Miri MNS chairman Musa Musbah also gave a talk on “Oriental Pied Hornbills at Piasau Camp” while bird specialist and environmental consultant Dave Bakewell touched on “Surveying Migratory Waterbirds in Sarawak”.
Sarawak Forestry’s head of protected areas biodiversity conservation Oswald Braken Tisen delivered his presentation on “Endangered Animals and Enforcement in Sarawak” while TRAFFIC Southeast Asia senior programme officer Kanitha Krishnasamy and senior communications officer Elizabeth John highlighted the “Illegal Wildlife Trade in Malaysia”.
Aside from these talks, there was an indoor 30-minute tour to introduce participants to the forest creatures of the night as well as a first nature and a geology walks.
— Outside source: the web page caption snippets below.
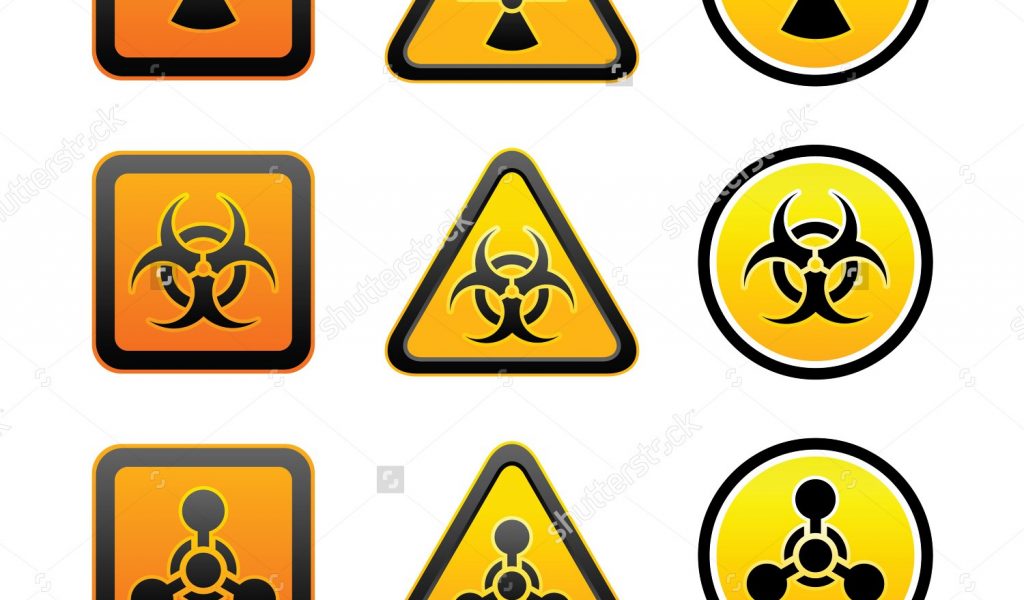 caution clipart radioactive
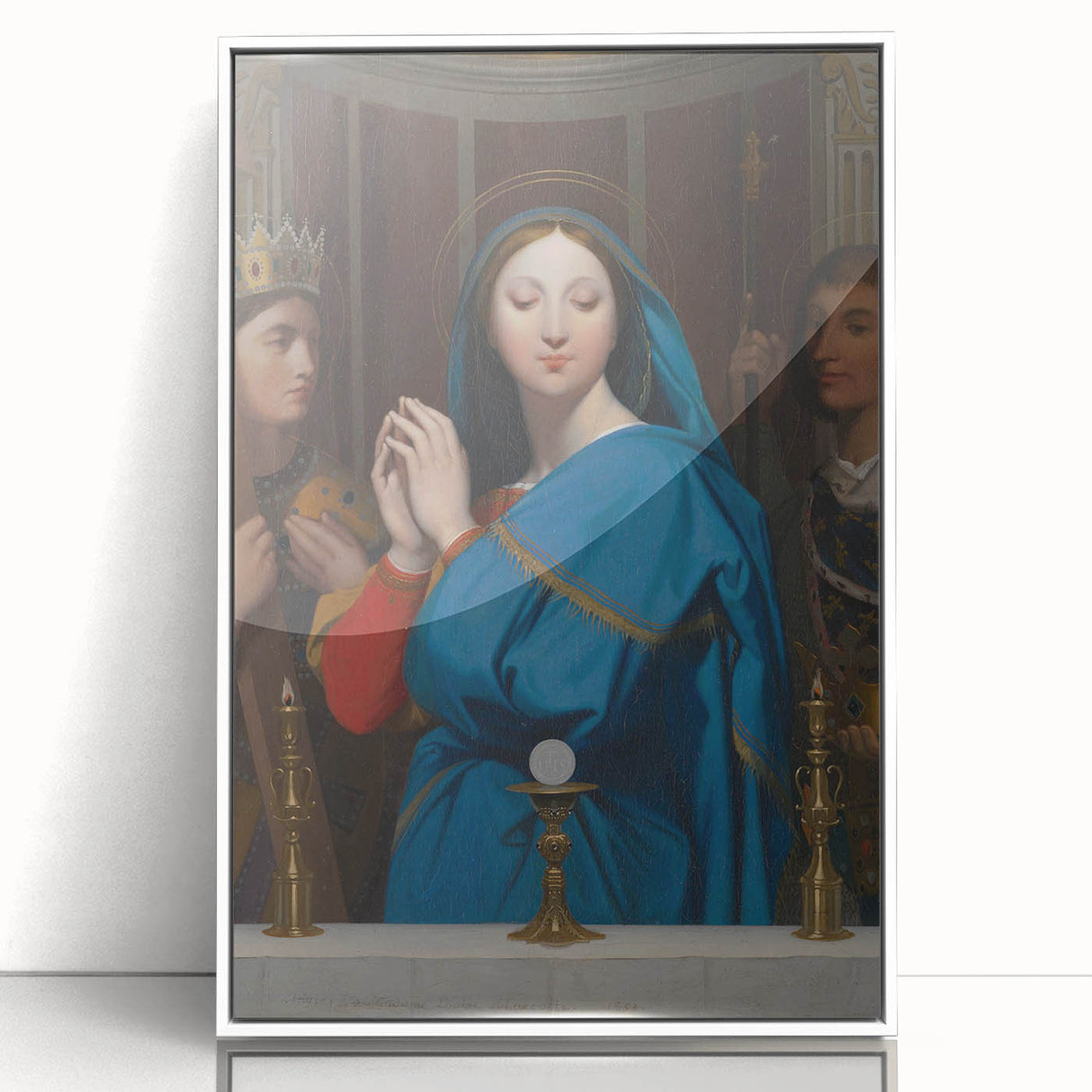 Neoclassical Religious Art Print - The Virgin Adoring the Host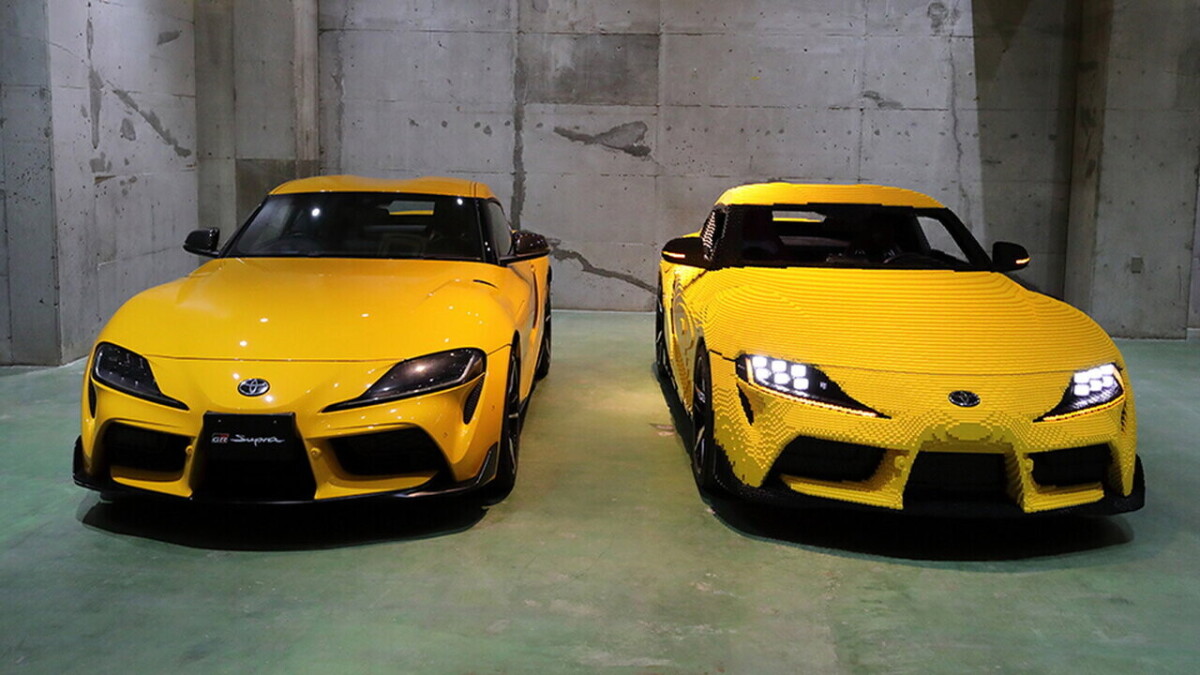 Hell yes I want to own a life size LEGO Toyota Supra that goes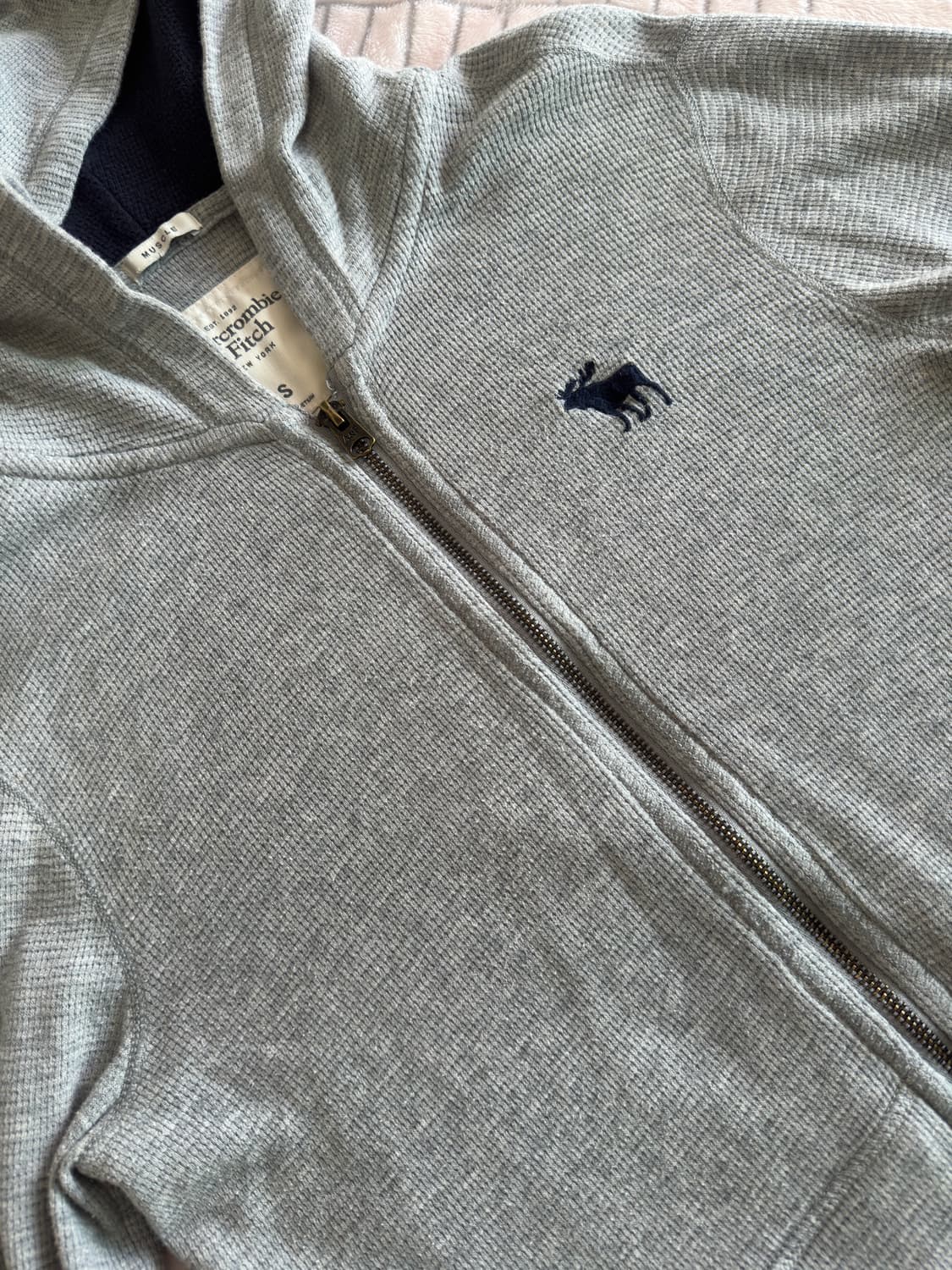 [s] 아베크롬비 와플 슬림핏 후드집업 상품이미지2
They also visited some archeological and historical sites during a 90-minute Santubong Heritage Walk.
Workshops on photography were conducted as well.
The participants also took part in an adventurous three-hour night kayaking along the coast of Santubong. In addition, there was also a guided boat tour to observe the firefly colonies along Sungai Buntal.
The festival was not confined in the resort. At the nearby Damai Central, booths had been set up by various organisations and local communities for the bazaar, which was selling various goods and merchandise items.
Angkatan Zaman Mansang (Azam) Young Souls Musical Group also treated the crowd to an entertaining show while Trienekens held an Eco-Fashion contest for participants from colleges and secondary schools.
The festival went on into the night with an open mic session featuring Malaysian vocalist and songwriter Amir Yussof at Escobar Bar and Grill.
Kooch Cycling Club aided participants taking part in a bicycle treasure hunt “Race Through Time” while a game station manned by UCSI University kept the little ones occupied.
Closing the festival yesterday, Kuching MNS chairman Anthony Sebastian said the society was all about the people, adding that more could be achieved in terms of raising the awareness of the priceless natural and historical heritage that Santubong possessed if it could reach out to more members of the public.
“We need to see this organisation as something interesting.
“It has to be fun so that people will want to join but at the same time, there is also the serious side to it,” he stressed.
He said although the highlights of the festival were evident during the two days, it had actually been running since May through a series of activities.
Anthony anticipated that the festival would grow in strength over the next four years and called on all to join the society in helping to make a change.
Kuching MNS co-organised Santubong Nature Festival with Permai Rainforest Resort, with the support from Friends of Sarawak Museum, Sarawak Heritage Society, Sarawak Museum, Sarawak Economic Development Corporation, Trienekens (Sarawak) Sdn Bhd, LimKokWing Institute of Creative Technology, UCSI University, Sarawak Society for Prevention of Cruelty to Animals, and Damai Central.